Embora a Lei Complementar afirme que esse equilíbrio tem que ser permanente, o artigo 28 da Resolução nº 26/2008 distingue situações de déficit conjuntural e estrutural.
O déficit conjuntural está relacionado normalmente a variações de mercado, o que deve ser atestado em parecer atuarial (art. 28, § 1º, Resolução 26/2008). Já o déficit estrutural decorre da utilização de premissas atuariais inadequadas, implicando maior risco para a entidade.
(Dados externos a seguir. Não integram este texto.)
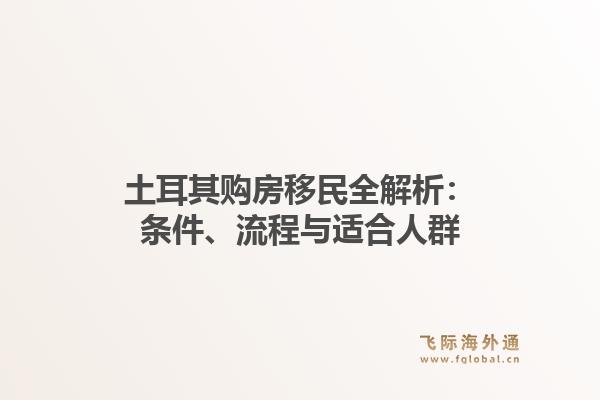 土耳其购房移民全解析：条件、流程与适合人群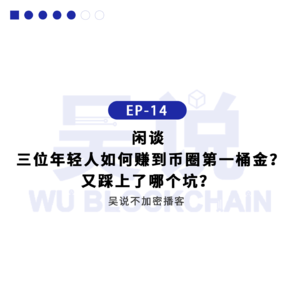 EP-14 闲谈: 三位年轻人如何赚到币圈第一桶金？又踩上了哪个坑？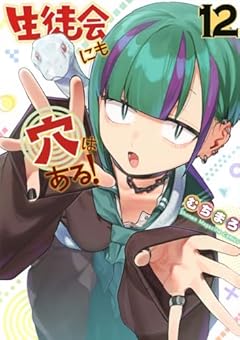 生徒会にも穴はある!の最新刊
Apesar de o artigo 28 da Resolução afirmar que o equacionamento do déficit deve ser imediato, a Resolução permite que se aguarde o levantamento das demonstrações contábeis do exercício imediatamente subsequente à apuração inicial do resultado deficitário quando o déficit for conjuntural (art. 28, § 1º). Exige-se, adicionalmente, que o valor da insuficiência seja inferior a 10% e que os recursos sejam suficientes para arcar com os compromissos do exercício subsequente.

O artigo 21 da LC nº 109/2001 prevê que o resultado deficitário deve ser equacionado por patrocinadores, participantes e assistidos, proporcionalmente. O artigo 29 da Resolução nº 26/2008, por sua vez, explicita que se deve observar “a proporção quanto às contribuições normais vertidas no exercício em que apurado o resultado”.
Neste ponto, cumpre ressaltar que a regra do artigo 15 da Resolução, relativa à aferição da proporcionalidade para fins de distribuição de superávit, é bem mais clara. De acordo com o artigo 15, identifica-se primeiro os montantes atribuíveis aos participantes e assistidos, de um lado, e ao patrocinador, de outro, segundo o volume de contribuições normais aportadas. Definido o montante atribuível aos participantes e assistidos, deve-se considerar a reserva matemática ou o benefício efetivo ou projetado atribuível a cada um deles, e não mais o volume de contribuições normais.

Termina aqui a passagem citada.